BLAMELESS BUT STILL BARREN
There was a couple in the Bible, Zacharias and Elizabeth, who were the kind of people that had gotten a promise from God and had not yet received it. Even the meaning of their names suggests to us that God set them aside to impact a nation. (Zacharias meaning God has remembered, and Elizabeth meaning God of the oath).
Zacharias and Elizabeth were irreproachable. They conformed to the laws of God and man, living according to the rules and walking in all the commandments, not just some. There was no place for the enemy to take hold of them on the inside, yet and still they had no child. In those times, and in the Jewish culture, children were a sign of favor. To be barren as Elizabeth was thought to be, was a sign of displeasure by God. Both Zacharias and Elizabeth were advanced in years and in the season of impossibilities. They were seen to be doing God’s work, yet still coming up barren.
So, what do you do when you’re blameless and barren and the God who remembers has seemed to have forgotten?
First, we learn that we must continue to serve God in our placed assignment
Luke 1: 8-10 – “So it was that while he was serving as priest before God in the order of his division, according to the custom of the priesthood, his lot fell to burn incense when he went into the temple of the Lord. And the whole multitude of the people was praying outside at the hour of incense.”
The scripture indicates we were given particular assignments of serving. Zaharias didn’t allow his circumstances to overshadow his assignment to serve God and others. At times, our service to God is connected to someone else’s prayer, not simply our own.
Second, we must hold fast to the promise we received in His presence
Luke 1: 11-17 – “The angel of the Lord appeared to him, standing on the right side of the altar of incense. And when Zacharias saw him, he was troubled and fear fell upon him. But the angel said to him, ‘Do not be afraid, Zacharias, for your prayer is heard; and your wife Elizabeth will bear you a son, and you shall call his name John. And you will have joy and gladness, and many will rejoice at his birth. For he will be great in the sight of the Lord, and shall drink neither wine nor strong drink. He will also be filled with the Holy Spirit, even from his mother’s womb. And he will turn a many of the children of Israel to the Lord their God. He will also go before Him in the spirit and power of Elijah to turn the hearts of the fathers to the children, and the disobedient to the wisdom of the just, to make ready a people prepared for the Lord.’”

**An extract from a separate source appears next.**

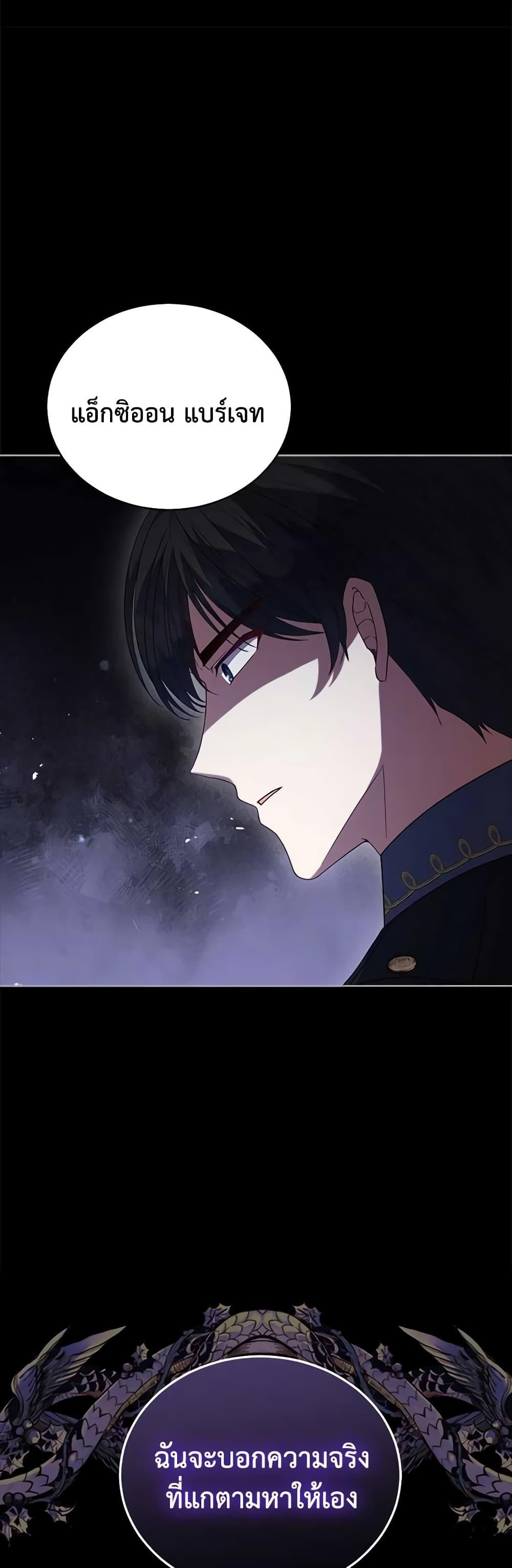 Manga-lc-com อ่านมังงะ อ่านการ์ตูน ออนไลน์ ฟรี Solitary Lady ตอนที่ 1 2 3 4 5 6 7 8 9 10 11 12 13 14 ฟรี ไม่มีโฆษณา Manga-lc - อ่าน มังงะ อ่าน การ์ตูน ออนไลน์ อ่านมังงะ ฟรี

The angel told Zacharias that his prayer had been heard, God took notice and listened. The angel indicated that the promise was coming, and the promise would be called John (meaning the Lord has shown favor). The angel also indicated that the promise would result in joy and gladness, with rejoicing for many. Although joy and gladness may appear the same, they are not. Joy means a cheerfulness but gladness means a lively triumph or victory.

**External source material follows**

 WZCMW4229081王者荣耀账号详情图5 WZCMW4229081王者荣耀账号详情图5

In short, this promise would produce a super natural impact for the world.
(Many times we ask for a thing wanting to see what it will do for us. Sometimes the purpose is a spiritual catalyst impacting many.)

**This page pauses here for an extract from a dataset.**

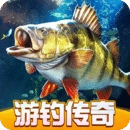 欢乐钓鱼大师(官服)安卓直装版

Third, we must avoid leaning to our own understanding
Because of Zacharias’ response to the angel (Luke 1: 18-20) “How shall I know?” which was a response that rested in flesh, quite different from Mary’s response to the angel, which was rooted in faith. Because of this, the angel’s response was to mute Zacharias and make him not able to speak. To mute is to not just be silent, but not to hear with an involuntary stillness, that also doesn’t allow one to speak against the promise that was already made.
Fourth, we must resist the pressure and obey God at all costs
Once the promise arrived and the baby was born, they continued to obey God by giving him the name John as the angel instructed. Back then, names were significant and represented authority and established destiny. The custom was to name the first male child after their father. But God said something different. Although Zacharias would get the credit for the promise in giving his son his name, he instead submitted to the promise of God, and did what God said to do. (Luke 1: 57-67). Zacharias resisted the pressure, obeyed God and immediately his mouth was opened and his tongue released. Soon after he rejoiced, was filled with the Holy Spirit, and then there was a proclamation because he later testified about God.
In conclusion, sometimes the promises of God don’t come as quickly as we expect. In such times we wonder if God hears us, or did we not hear God, or did we do something wrong. We must remember that delay doesn’t mean denial, and the greater the impact of the promise, the longer the promise may take.